By Gerson Moreno-Riano, Sep 24, 2009 in Musings, Pedagogy and Teaching
If education is soul-crafting at its best, then crafting a general education curriculum is perhaps the epitome of educational soul craft. So imagine my delight in being given the opportunity and privilege to lead my institution’s effort to review and perhaps revise its general education curriculum. I truly was delighted (some may think me crazy!). But there are very few times in academia when one has the opportunity to develop and create or re-create something from the bottom-up. And, alas, here was my opportunity. Let the tinkering begin!
In all seriousness, such an amazing opportunity has caused me to step back and reflect deeply on the craft of education and how to apply the lessons of philosophy, history, theology, and politics to the review and re-design of the general educational core. I thought deeply about what the Ancients, Moderns, and Post-moderns could teach us. I read and re-read articles addressing questions of pedagogy, epistemology, and higher education’s dirty little word – assessment. And I sought help and advice from various colleagues, administrators, and the Divine. Here is a lesson that I have learned – crafting a general education curriculum is an exercise in the art of the possible.
All of us academics live in the world of ideas. We don’t shun the practical or everyday reality. But we are all too aware that ideas are nice, neat, and clean whereas the everyday is messy and muddy. The task of crafting a general education curriculum is one where ideas inhabit the world of messy reality. The nice and neat must confront and adapt to the messy and ugly and vice-versa. Pure ideas must be made to fit within earthen and worn vessels.
This exercise is not for everyone. It is difficult. But I confess that it forces the philosopher to leave the gaze of the sun and come down to the shadows to serve and minister to his fellow-citizens and cave dwellers. It is an exercise of mediation. In this sense, there is something sacred about this task of re-developing a general education curriculum since one is attempting to represent the good and true in a way that is correct and not vain and for the sake of developing and bettering minds and souls.

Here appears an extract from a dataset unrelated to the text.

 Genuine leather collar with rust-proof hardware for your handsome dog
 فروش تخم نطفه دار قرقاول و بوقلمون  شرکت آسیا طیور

But, as I have suggested, it is a faulty mediation at best. In my work thus far (and I will continue to blog about it in the days and weeks ahead), there is always a disjuncture between the ideal and its demands and the real and its demands. There is no perfect human mediator in the task of education or curriculum development. There is only better or worse.

2 Responses to "Crafting a General Education Curriculum: The Art of the Possible"
Gabriel Martinez on Oct 2, 2009
Gerson, can I ask you a favor? It would be very interesting to look through your reading list - the material to which you allude in the second paragraph. If you have it on hand, or if you could make it the topic of a post --an annotated bibliography--, I would be very grateful.
Gerson Moreno-Riano on Oct 15, 2009
I will try to do this soon, Gabriel. Thanks for the response.